Todos los políticos afectados por el 20-D comparten estos días una sensación física y mental: el agotamiento. Da igual la liga en la que juegue cada uno; las campañas electorales son la prueba evidente de que el ser humano se parece en sus debilidades mucho más de lo que se muestra en la dramaturgia de los mítines.
La política consiste en trabajarse la distancia con el contrario y en este tiempo acelerado que hoy nos llevará a las urnas aproximarse al adversario se ha penalizado con una bajada en el precio de las hortalizas que esta semana cotizaron en Andorra como si fueran votos, en un juego absurdo que indica que nuestra democracia anda todavía por la adolescencia y necesitada de control parental.
Pero la sobreactuación es agotadora y por eso se inventó la jornada de reflexión, que es en realidad un tiempo para desintoxicarse de tanto teatro.

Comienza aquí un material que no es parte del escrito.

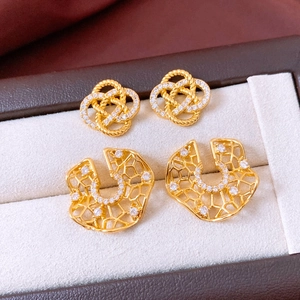 Detail view of gold earrings with cubic zirconia inlay and hollow mesh design in jewelry box
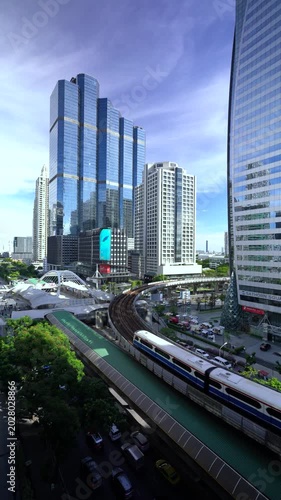 High-angle time-lapse of a BTS Skytrain navigating a dramatic curved track surrounded by modern skyscrapers and corporate office buildings at the Chong Nonsi intersection in Sathorn, Bangkok, Thailand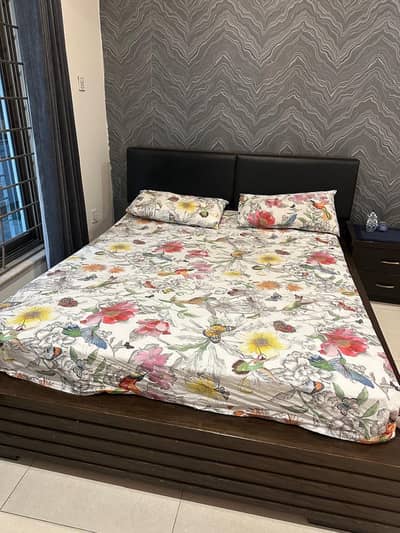 Bed with side tables and spring mattress
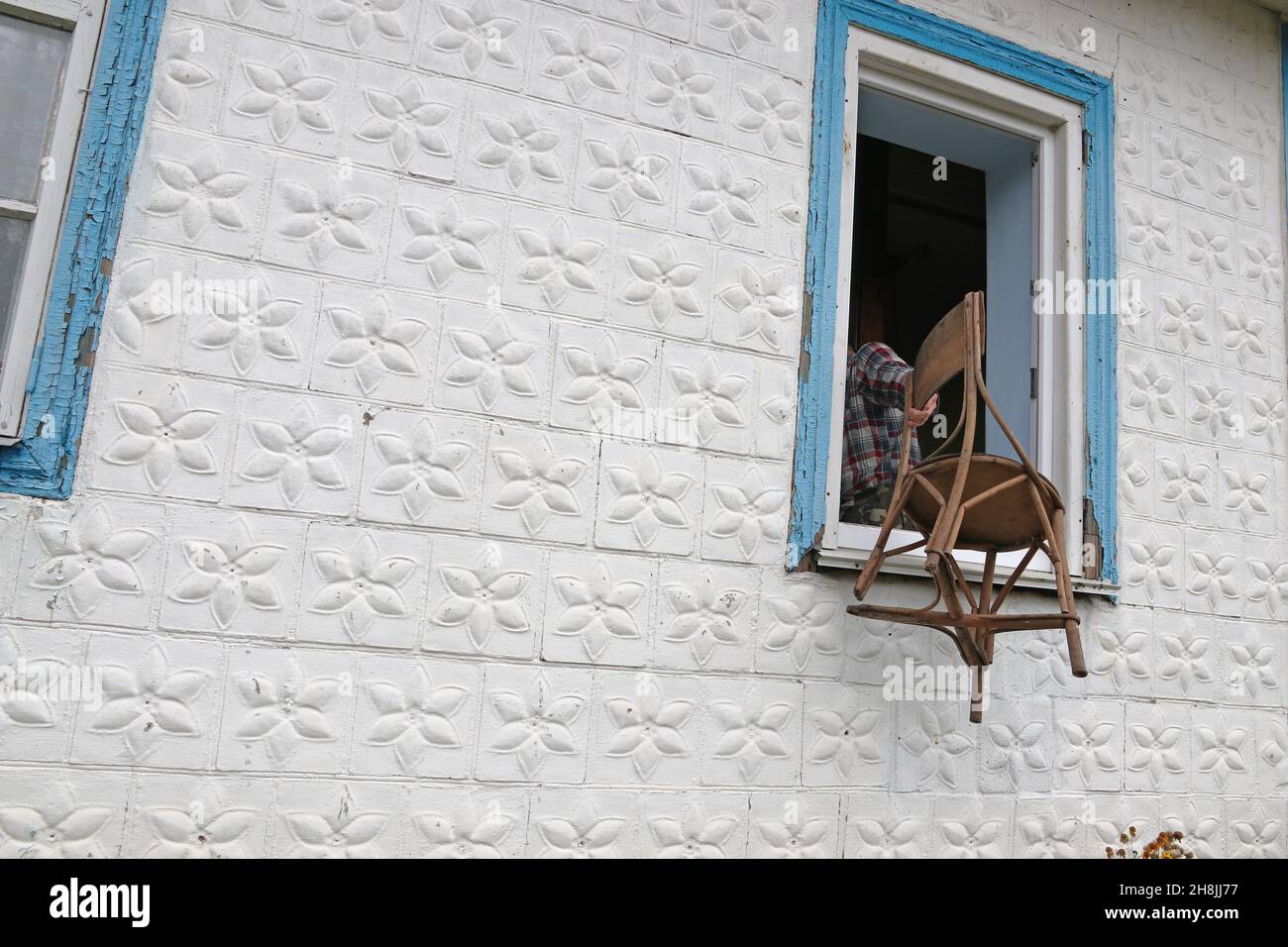 Un uomo getta una vecchia sedia fuori dalla finestra Foto Stock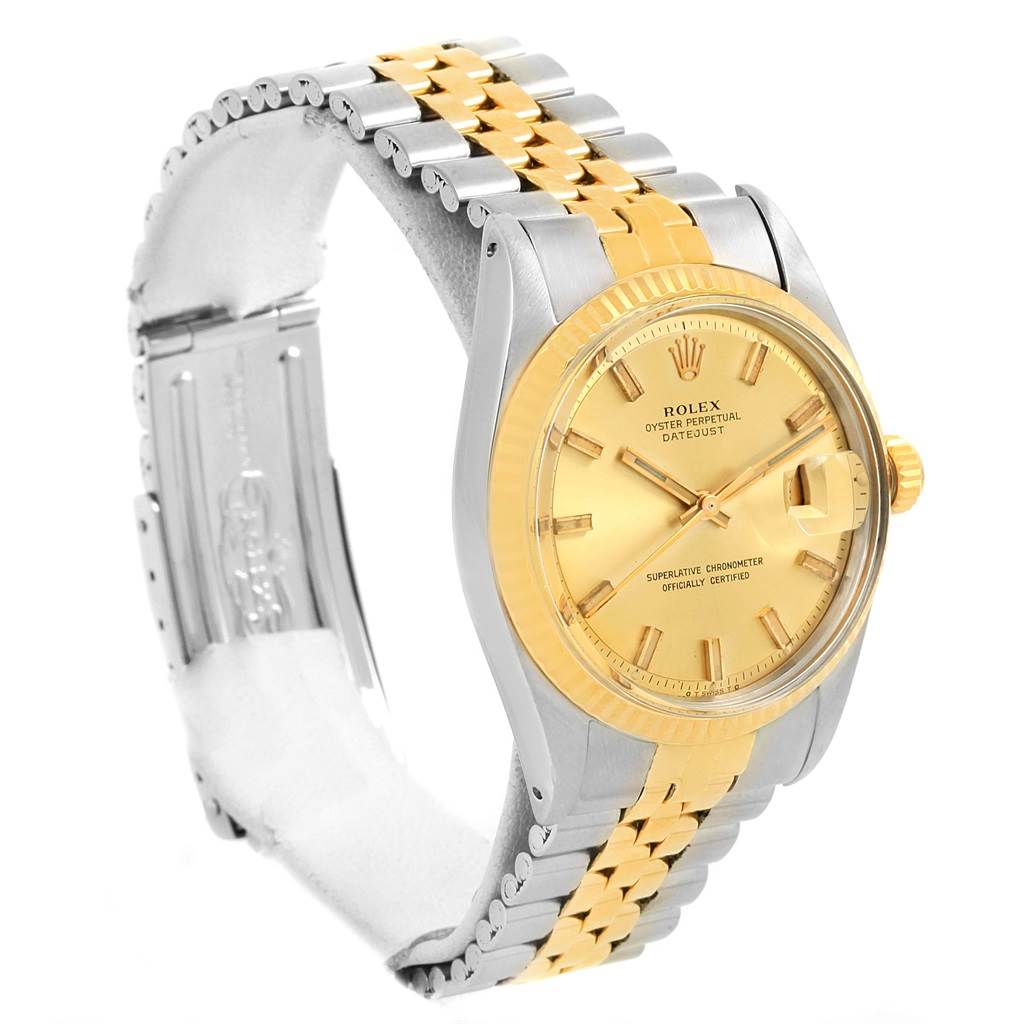 The image shows a side view of the Rolex Vintage Collection 1601 Men's Stainless Steel Champagne Dial 1601 Men's Stainless Steel Champagne Dial watch, featuring its gold and silver bracelet and dial.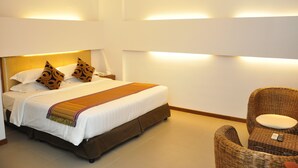 Habitación de hotel con una cama grande, una mesita de noche, una silla de mimbre e iluminación en la pared.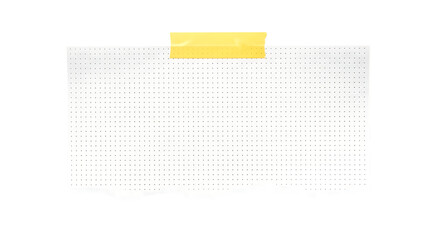Blank torn piece of dot grid paper held by a strip of yellow adhesive tape against a dark background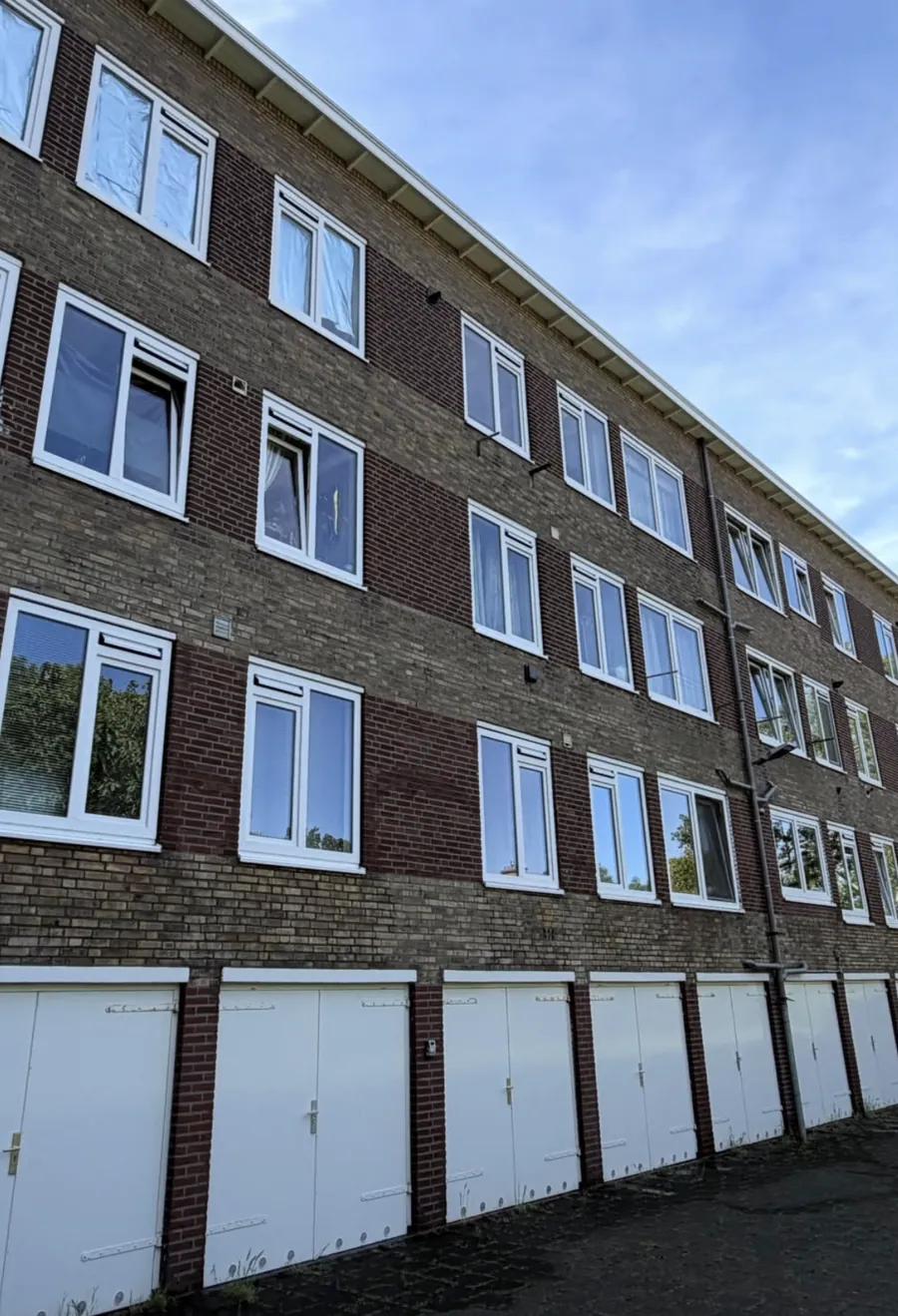 Gevel van een VvE-complex met witte kozijnen en garagedeuren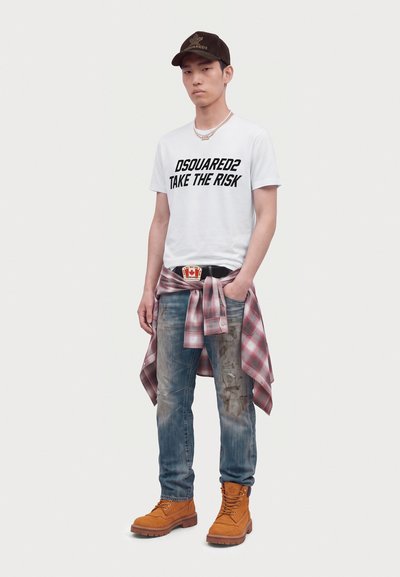 Jeune homme portant un t-shirt blanc "DSQUARED2 TAKE THE RISK", un jean usé, des bottes jaunes, une chemise à carreaux nouée autour de la taille, et une casquette noire.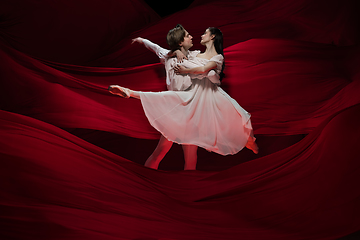 Image showing Young and graceful ballet dancers on billowing red cloth background in classic action. Art, motion, action, flexibility, inspiration concept.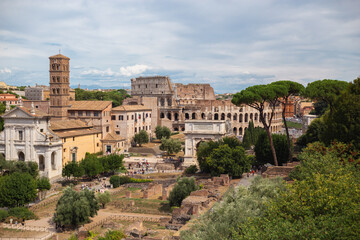 Fototapeta premium Panoramic Daytime View of Roman Forum with Arch of Titus, Colosseum, and Historic Churches in Rome, Italy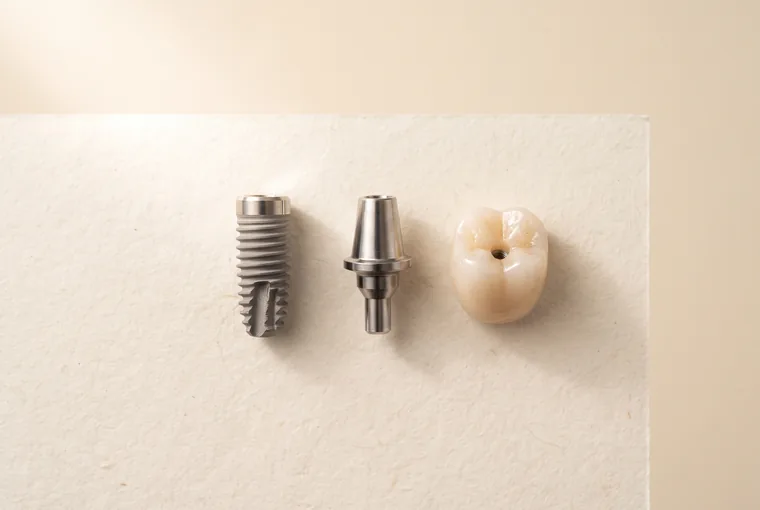 Three components laid in a row on warm off-white paper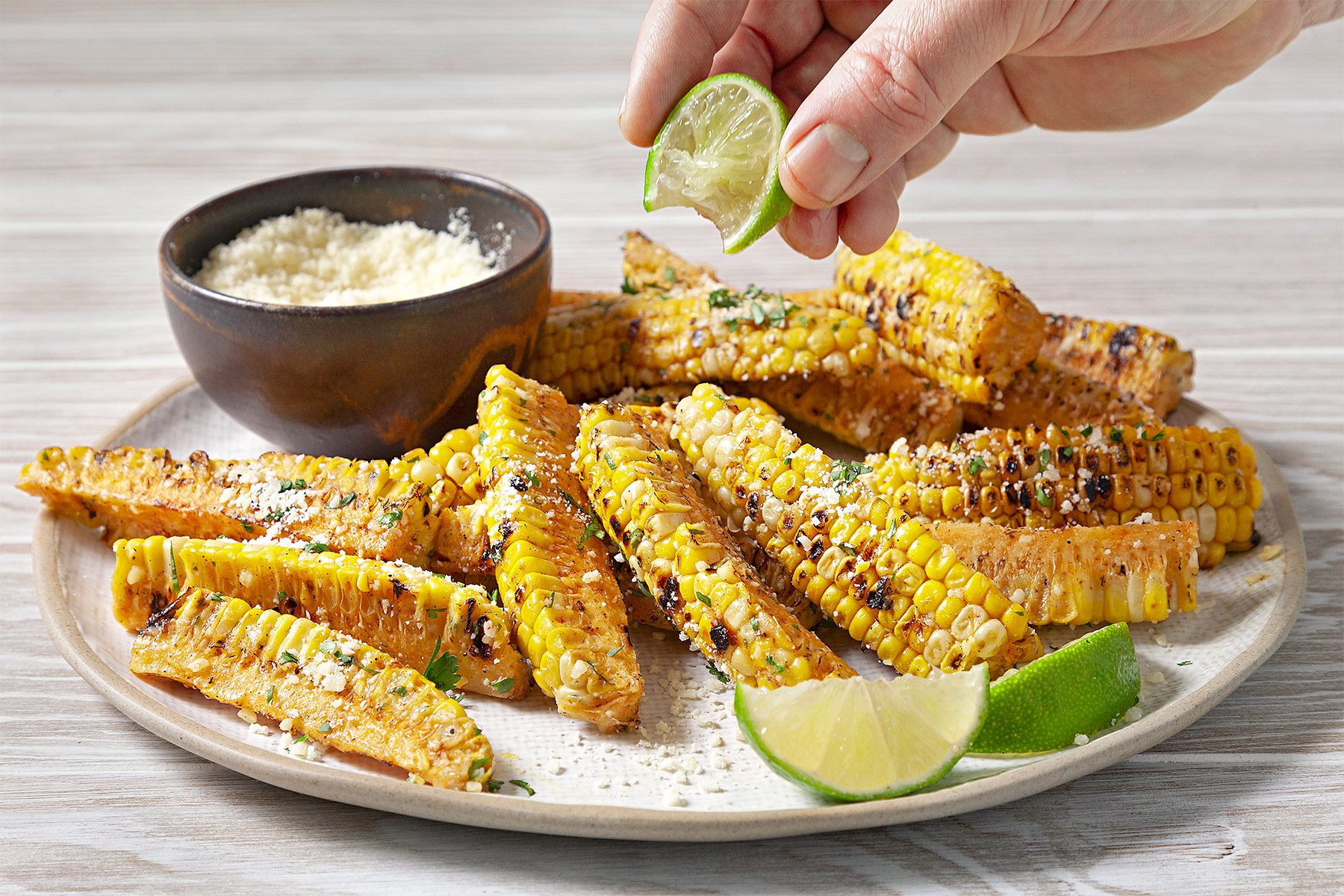 Top view shot of Corn Ribs; serve on large plate with lime wedges; parmesan cheese bowl; fork; wooden surface;
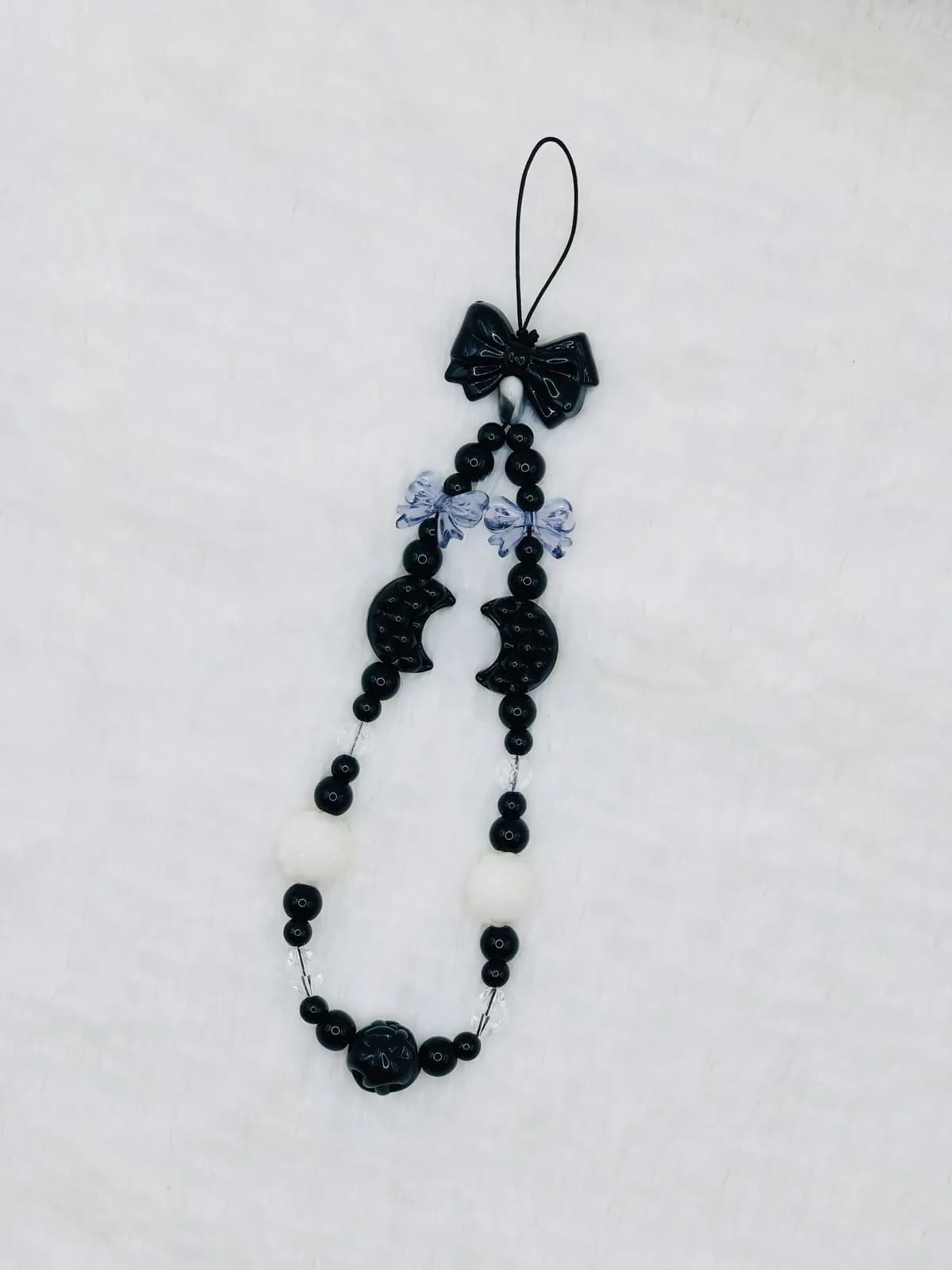 ONYX BOW: Black beaded phone charm with a satin bow, hand-strung in Black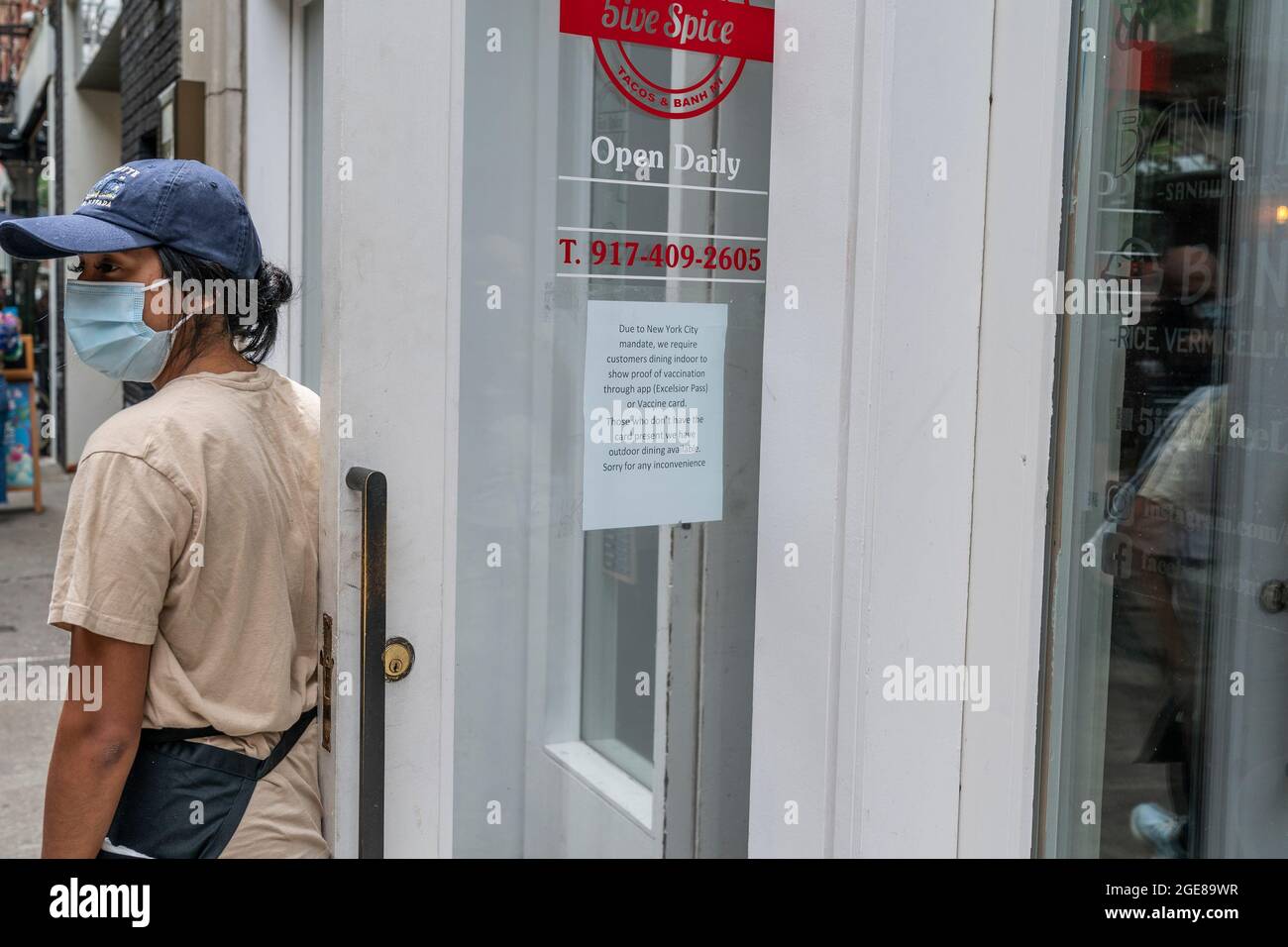 New York, United States. 17th Aug, 2021. View of 5ive Spice restaurant on 1st day of vaccine mandate for indoor dining on order by mayor of the city in New York on August 17, 2021. Notice posted on the doors advising about new rules for indoor dining. (Photo by Lev Radin/Sipa USA) Credit: Sipa USA/Alamy Live News Stock Photo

Cuando en España los políticos volvieron a hacer campaña después de cuarenta años de partido único, la prensa indagaba en el soporte químico que explicaba semejante hiperactividad, incompatible con la naturaleza humana.
Hay algo patológico en ese afán de los candidatos por hacerse ubicuos en los días previos a recibir la confianza de los ciudadanos, de forma que hacia el final de la campaña empiezan a parecer boxeadores sonados que repiten como loros un mensaje en el que importa mucho más la forma que el fondo.
Son tics que se han acentuado en este proceso electoral, como si dos días antes del examen se pudieran aprobar todas las asignaturas que se descuidaron durante el curso. Los ciudadanos pondrán hoy sus notas. Y entonces quedará claro que la trascendencia de la campaña era impostada y agotadora.